Martyr
- Born: Broughton, near Preston, Lancashire, England
- Died: 29 August 1628 Lancaster, England
- Beatified: 15 December 1929 by Pope Pius XI
- Feast: 29 August
- Attributes: holding an ear of wheat, or a lamb

= Richard Herst =

English Roman Catholic martyr

Richard Herst (Hurst) (died 29 August 1628) was an English Roman Catholic recusant layman. He is a Catholic martyr, beatified in 1929.

==Life==
Herst is thought to have been born at Broughton, near Preston, Lancashire, England, where he was a well-to-do yeoman, farming his own land. He was arrested while out ploughing his fields. As he was a recusant, Norcross, a pursuivant, was sent by the Bishop of Chester to arrest him. The pursuivants had a fracas with Hurst's servants, in the course of which one of the pursuivant's men, by name Dewhurst, in running over a ploughed field, fell and broke his leg. The wound mortified and proved fatal, and before his death Dewhurst made a solemn oath that his injury was the result of an accident. Nevertheless Hurst was indicted for murder, as the government wished at that time to make severe examples of recusants.
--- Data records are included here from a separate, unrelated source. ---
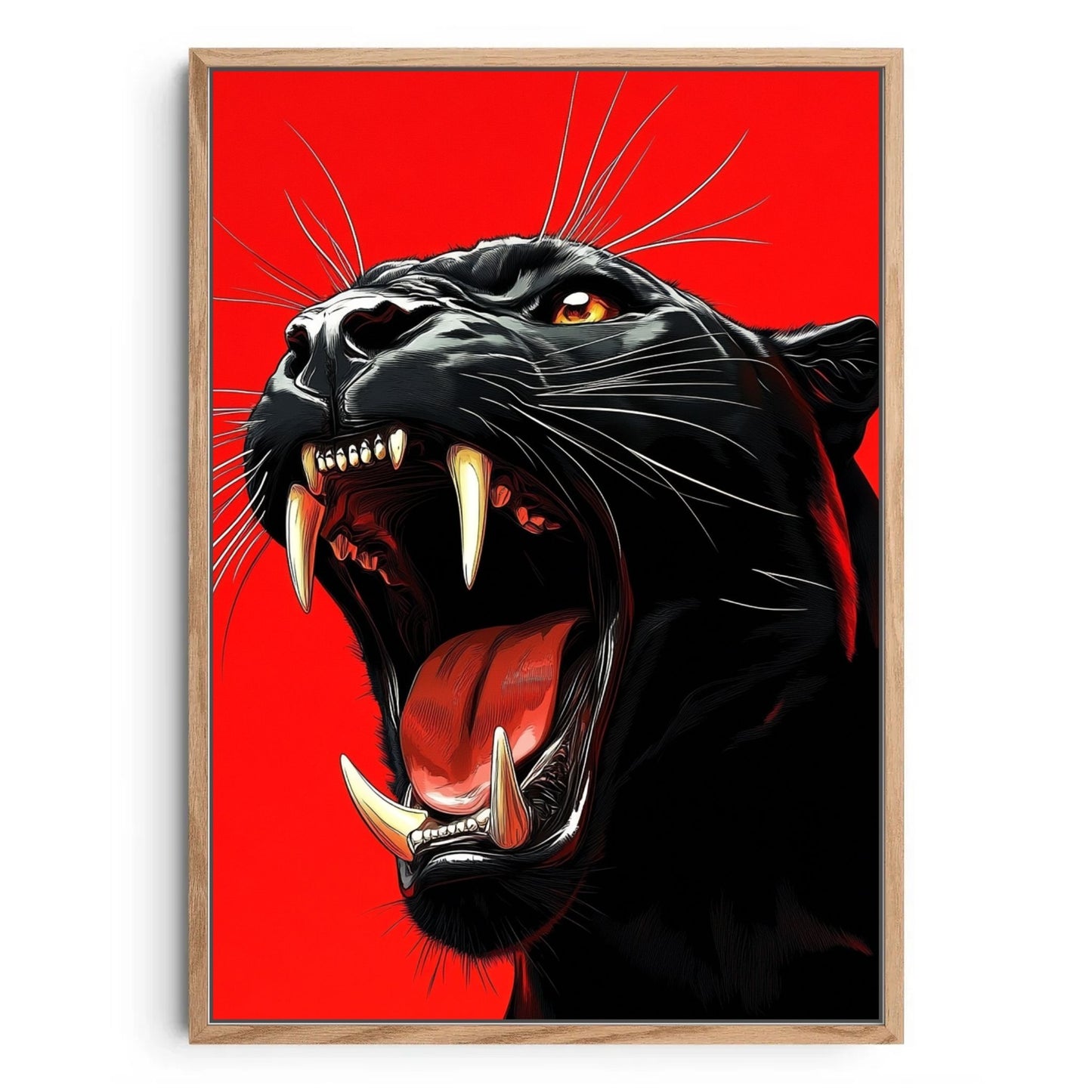 Roaring Black Panther Wall Art – Bold & Fierce Statement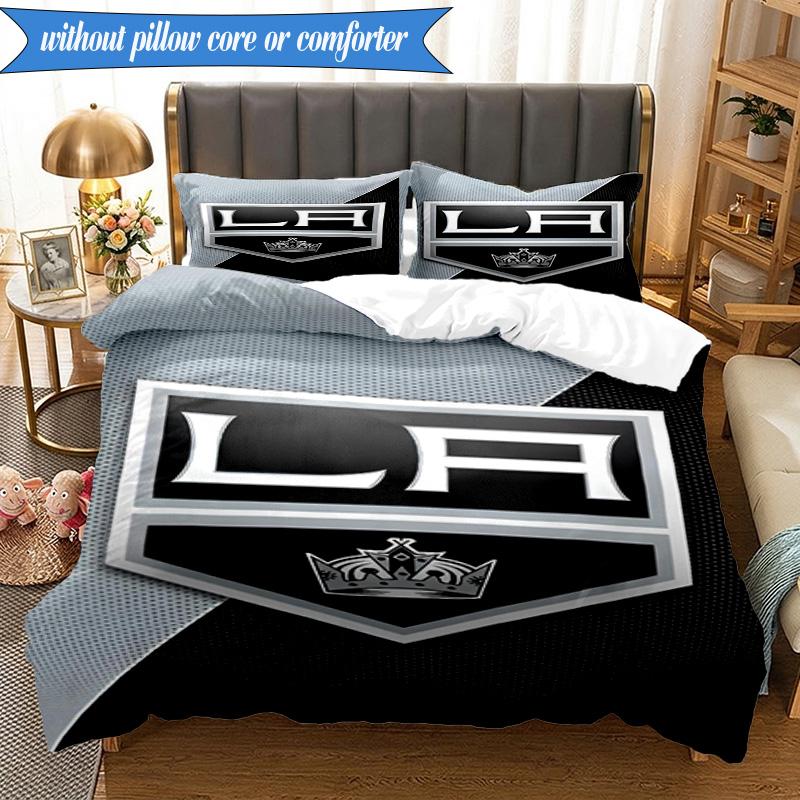 3PCS Los Angeles ice hockey Bedding Set,Including 1pc Duvet Cover And 2pcs Pillowcases Perfect for Bedroom, Dormitory, Fan Christmas gift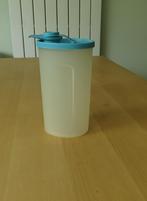 Tupperware Schenkkan/Strooibus Blauw Deksel 450ml, Ophalen, Gebruikt, Blauw, Beker of Kan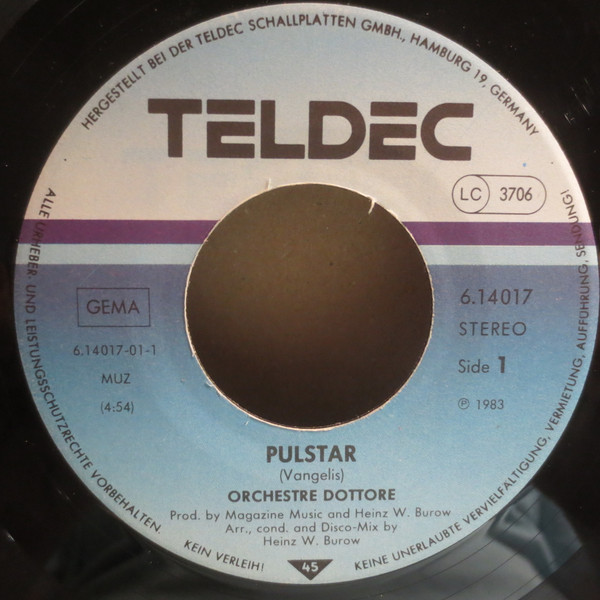 Orchestre Dottore - Pulstar | TELDEC (6.14 017) - 2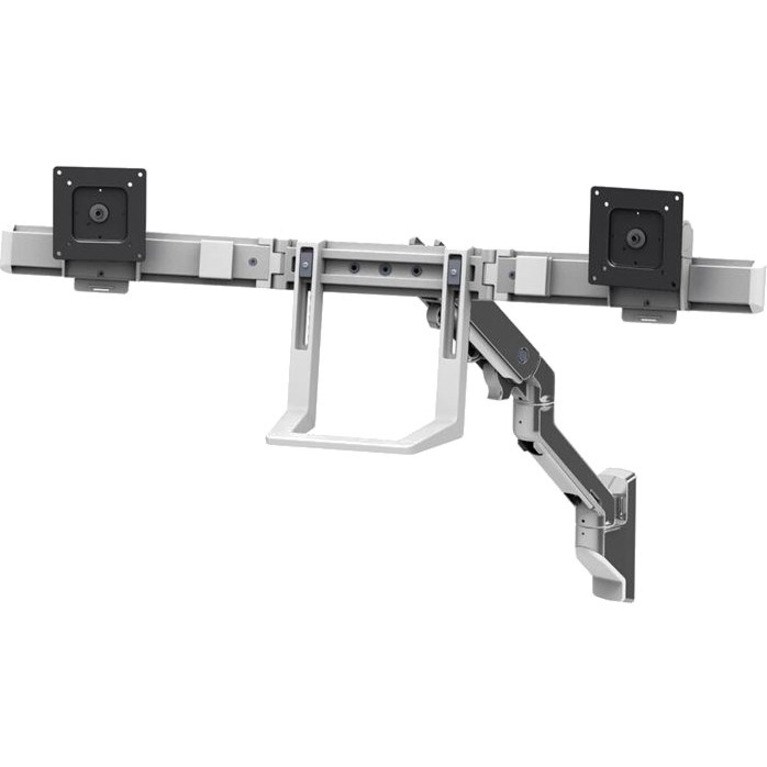HX WALL DUAL MONITOR ARM POLISHED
Through Hurst's friends a petition was sent to King Charles I of England, also supported by Queen Henrietta Maria. No evidence contradicting Dewhurst's dying declaration having been adduced, the jury were unwilling to convict; but the foreman of the jury was told by the judge, in the house of the latter, that the government was determined to get a conviction, that a murder had been committed, and that the jury must bring in a verdict of guilty. Hurst was convicted and sentenced to death; on the next day, being commanded to hear a sermon at the Anglican church, he refused and was dragged by the legs for some distance to the church, where he put his fingers in his ears so as not to hear the sermon.

At the gallows he was informed that his life would be spared if he would swear allegiance to the king, but as the oath contained passages to which he objected, he refused and was at once executed. He was executed at Lancaster.